Two cases of probable acute disseminated encephalomyelitis have been reported in the COVID-19 population, with bilateral, extensive, nonenhancing T2-FLAIR signal changes noted in the cerebral white matter, involving the subcortical brain parenchyma and cervical spinal cord.19,20 The cerebrospinal fluid was negative for SARS-CoV-2 by polymerase chain reaction testing in both cases. One patient was treated with intravenous immunoglobulin and the other with a 5-day course of a high-dose corticosteroid with a 10-day taper. Neurologic improvement was noted in both patients.
Acute necrotizing hemorrhagic encephalopathy
A case report presented details of a SARS-CoV-2–infected woman in her late 50s who presented with fever, cough, and altered mental status.21 Computed tomography (CT) without contrast depicted symmetric hypoattenuation in the bilateral medial thalami with a normal CT angiogram and venogram. MRI demonstrated hemorrhagic, enhancing lesions within the bilateral thalami, medial temporal lobes, and subinsular regions. Cerebrospinal fluid analysis revealed negative bacterial cultures and viral testing. The reason for not testing the cerebrospinal fluid for SARS-CoV-2 was not reported. Based on imaging and clinical context, she was given a diagnosis of probable acute necrotizing hemorrhagic encephalopathy and started on intravenous immunoglobulin therapy. No further information is available on her clinical course.

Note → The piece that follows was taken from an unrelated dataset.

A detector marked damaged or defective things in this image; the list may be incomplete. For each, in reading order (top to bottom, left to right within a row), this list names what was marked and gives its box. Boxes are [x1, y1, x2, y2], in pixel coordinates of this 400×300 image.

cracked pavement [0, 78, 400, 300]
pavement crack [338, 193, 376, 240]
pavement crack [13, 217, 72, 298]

Acute necrotizing hemorrhagic encephalopathy in children with virulent influenza infections has been well described.22 This complication is pathologically distinguished from acute disseminated encephalomyelitis by causing blood-brain barrier breakdown without direct viral invasion or demyelination.23
SEIZURES
Although new-onset seizures in patients who have COVID-19 are rare, 2 cases were reported of acute symptomatic seizures in nonepileptic patients with COVID-19 at Cleveland Clinic.24
Two retrospective studies have described electroencephalographic patterns seen in patients with acute COVID-19.25,26 One study reported frequent sporadic interictal epileptiform discharges in 22 patients with COVID-19, using mostly continuous 8-channel electroencephography.25
However, this finding was not supported by the other study, which used standard 21-channel recordings.26 This study also reported a variety of other electroencephographic findings, including continuous slowing, generalized rhythmic activity, and generalized periodic discharges.26
These studies support the high incidence of encephalopathy in hospitalized patients with COVID-19 and the presence of acute symptomatic seizures from an underlying metabolic or toxic process or primary central nervous system insult as a complication of COVID-19.
NEUROMUSCULAR DISORDERS
Critical illness polyneuropathy and myopathy
Patients in the intensive care unit are at risk of developing severe weakness secondary to critical illness polyneuropathy, critical illness myopathy, or both, with a reported incidence of up to 33%.27 To date, there have been no definitive reports of either disorder in patients with COVID-19. However, a study from Wuhan, China, reported 23 COVID-19 patients with acute muscle injury (defined as myalgia and serum creatine kinase level above 200 U/L).4
Thus, clinicians should suspect critical illness polyneuropathy or critical illness myopathy in patients with COVID-19 presenting with sepsis or complications leading to prolonged mechanical ventilation and intensive care unit length of stay.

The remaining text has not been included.